__Assigned task__.
Using the entries below, copy exactly each line from the line with "EPC Graph for Froxfield, Eversholt, MK17" up to and including the line with "New York airport", with every picture left out.

__Input__.
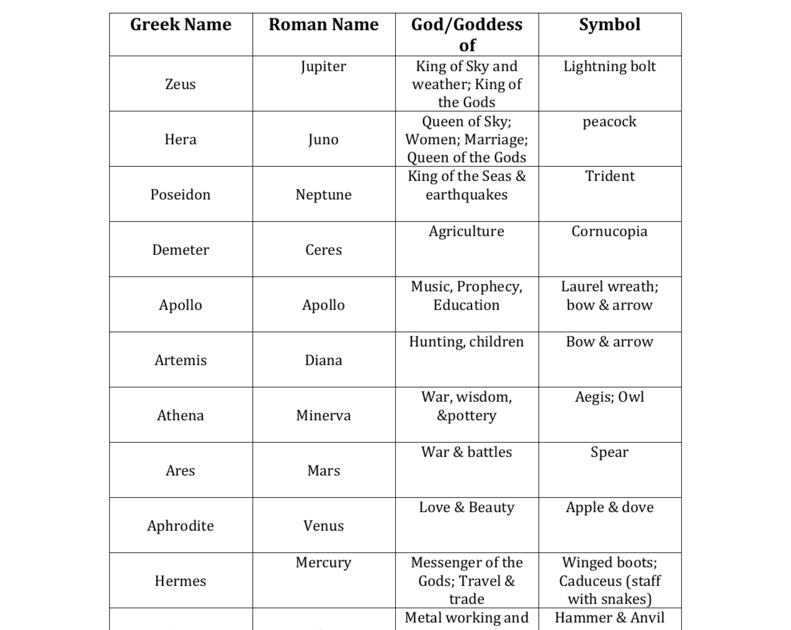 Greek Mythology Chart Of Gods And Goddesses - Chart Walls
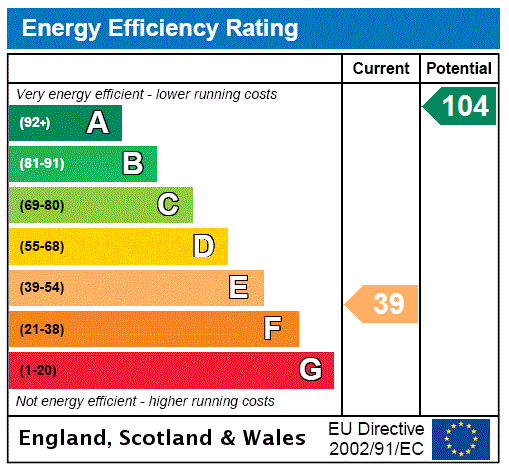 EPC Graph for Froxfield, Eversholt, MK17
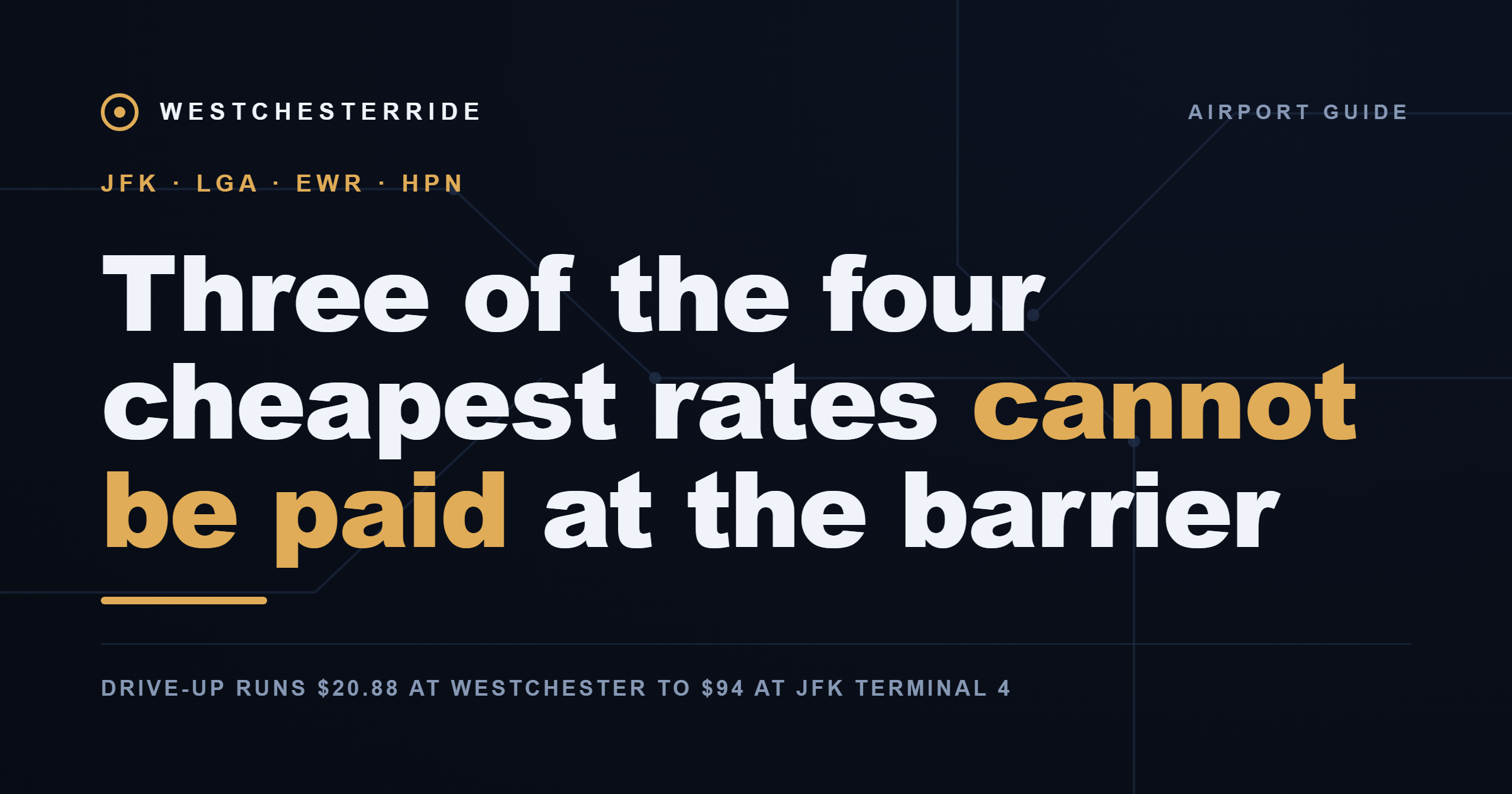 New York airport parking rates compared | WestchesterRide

==

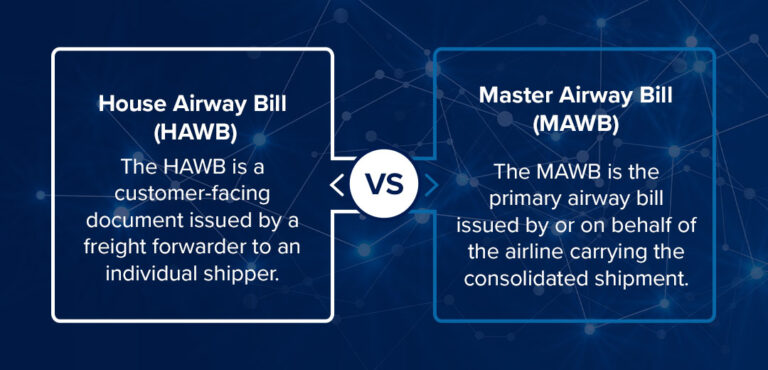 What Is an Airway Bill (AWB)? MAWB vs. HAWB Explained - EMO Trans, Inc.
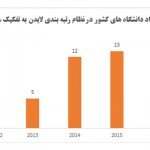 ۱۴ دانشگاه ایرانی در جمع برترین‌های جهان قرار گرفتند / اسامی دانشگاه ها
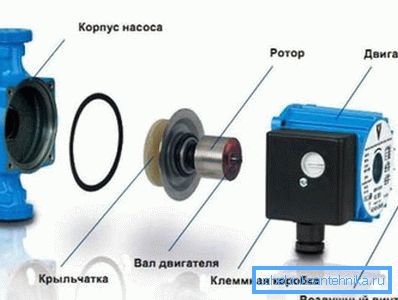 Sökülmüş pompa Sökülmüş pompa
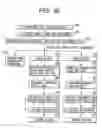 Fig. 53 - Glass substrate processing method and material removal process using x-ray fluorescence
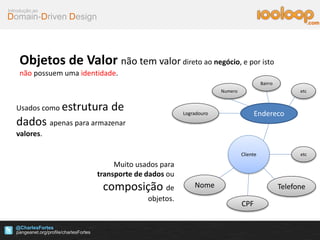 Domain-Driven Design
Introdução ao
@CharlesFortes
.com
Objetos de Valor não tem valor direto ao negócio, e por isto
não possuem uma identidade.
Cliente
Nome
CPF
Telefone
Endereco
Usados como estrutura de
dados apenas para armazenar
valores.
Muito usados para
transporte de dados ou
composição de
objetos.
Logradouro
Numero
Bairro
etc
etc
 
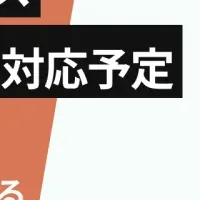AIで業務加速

...

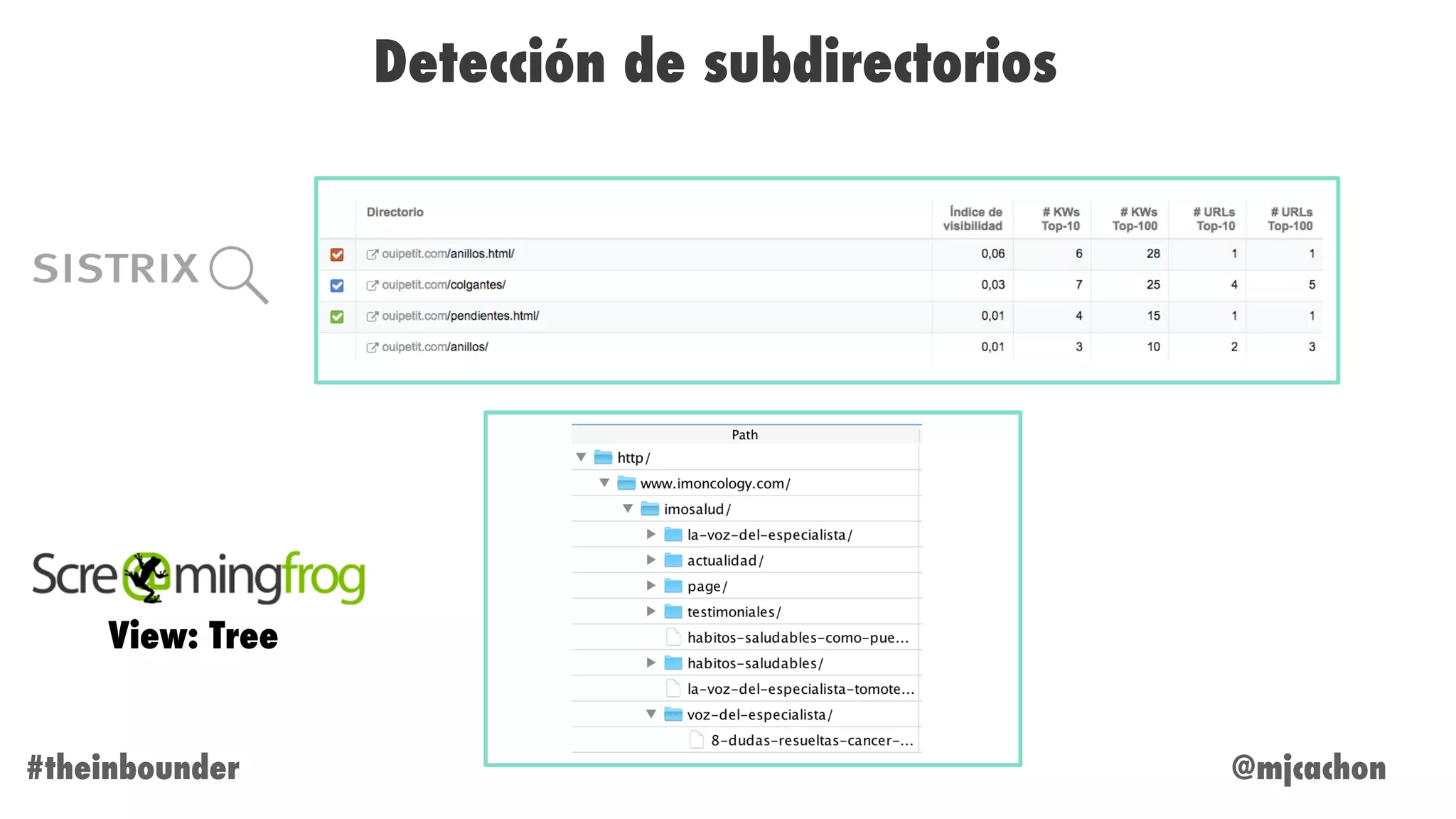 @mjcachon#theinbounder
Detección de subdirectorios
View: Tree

__Solution to the exercise__.
 EPC Graph for Froxfield, Eversholt, MK17
 New York airport parking rates compared | WestchesterRide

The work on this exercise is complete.